Single pane windows let cool air in and warm air out more than any other window, which is why most homeowners like to replace windows. Storm windows are a great alternative to replacing windows. They are weather resistant, affordable, and energy-efficient. Storm window installation is pretty straight-forward and can often help maintain your existing windows. If you need to find local storm window installation near you, Modernize can help.
How Much Do Storm Window Costs?
The costs to install storm windows are often cheaper than new replacement windows and in some cases are a viable option for new windows. New storm windows cost around $100 to $150 per window. Labor costs to install storm windows can average from $35 to $72 per hour, which will be completely dependent on your local average installation costs and the amount of time it takes them to complete the job (usually an hour per window.)
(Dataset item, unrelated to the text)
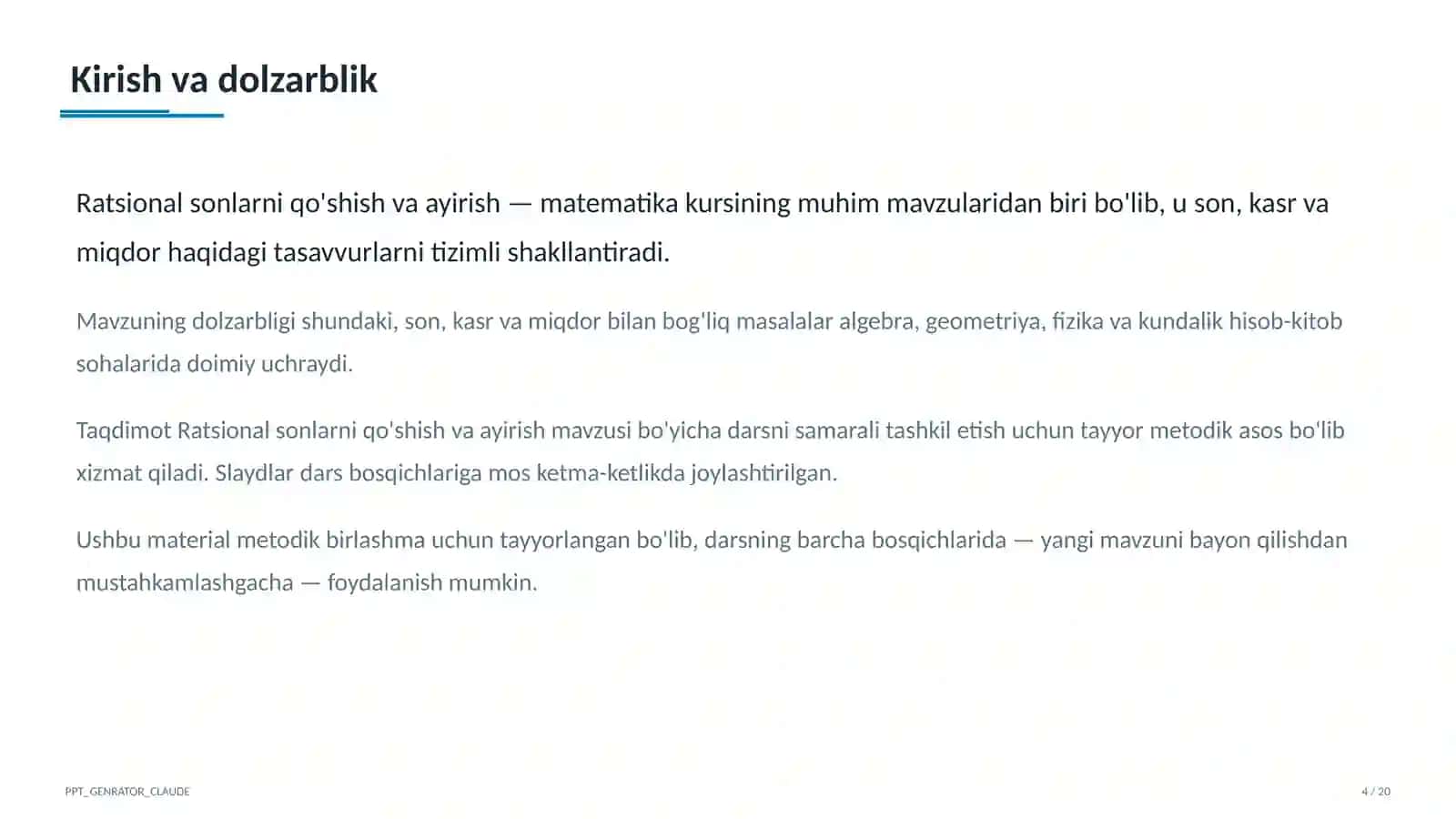 Ratsional sonlarni qo'shish va ayirish (6-sinf) 4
Interior Storm vs. Exterior Storm Window
While exterior storm windows are the most common type, interior storm windows offer just as much in the way of benefits, and they’re often used in historic districts or by people renting homes. These windows install on the inside of the house, in much the same way as exterior storm windows do. They create a seal that protects the house from cold or hot weather just as effectively as the exterior windows do.
Installing Storm Windows
Installing a storm window is relatively easy and can be completed by a handy homeowners without a problem. First, measure the window opening to get the right sized storm window for your home. Then apply caulk around the sides and the top of the window stop where the storm window will sit. Then slip the storm window into place centered right in the window opening. Screw the window into place using one-inch sheet screws along the sides and the top. Though storm window installation is easier than a new window replacement, most homeowners prefer to have a contractor install windows on their home so that you know it is done properly.
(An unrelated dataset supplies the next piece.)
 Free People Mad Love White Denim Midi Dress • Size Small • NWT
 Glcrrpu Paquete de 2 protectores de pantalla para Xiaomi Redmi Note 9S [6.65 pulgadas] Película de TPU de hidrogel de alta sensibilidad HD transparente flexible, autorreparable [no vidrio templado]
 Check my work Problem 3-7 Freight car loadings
Are Storm Windows Worth the Investment?
Whether or not a storm window is a good investment for your home depends on the windows that you currently have. If your home has high quality Energy Star certified windows that are well insulated you won’t benefit from a storm window like you would with poor quality windows.
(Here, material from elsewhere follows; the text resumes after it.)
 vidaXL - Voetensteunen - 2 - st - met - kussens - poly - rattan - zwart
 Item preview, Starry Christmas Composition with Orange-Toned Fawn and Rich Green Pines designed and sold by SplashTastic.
Storm windows are an option worth considering if you’re looking for a way to improve the insulation of your home. They’ll help cut down on heating and cooling expenses throughout the year, but can be somewhat of a hassle if you like opening and closing your windows. It’s important to consider both interior and exterior storm windows and replacement windows before deciding on what’s right for your home.
Storm Window Maintenance
Even though a storm window will save you money over replacing the windows, they require more maintenance if you like to open and close the windows during the warmer months. You’ll have to remove the storm windows and reinstall them each and every year in order to retain the function of your standard windows. This can be a huge amount of work if you are using a storm window on a second story house.
Storm Window Condensation
One issue to be concerned about when having a storm window installed in your home is condensation between the storm windows and your standard home windows. If condensation is allowed to build up between these two layers, all of the trim and exterior wood on the home will rot away over time. To prevent this from occurring it’s vital to ensure that the standard window is sealed properly before the storm window is ever put in place. Use caulk on the sides and top of the window to seal any possible holes. This will help keep condensation out after installation.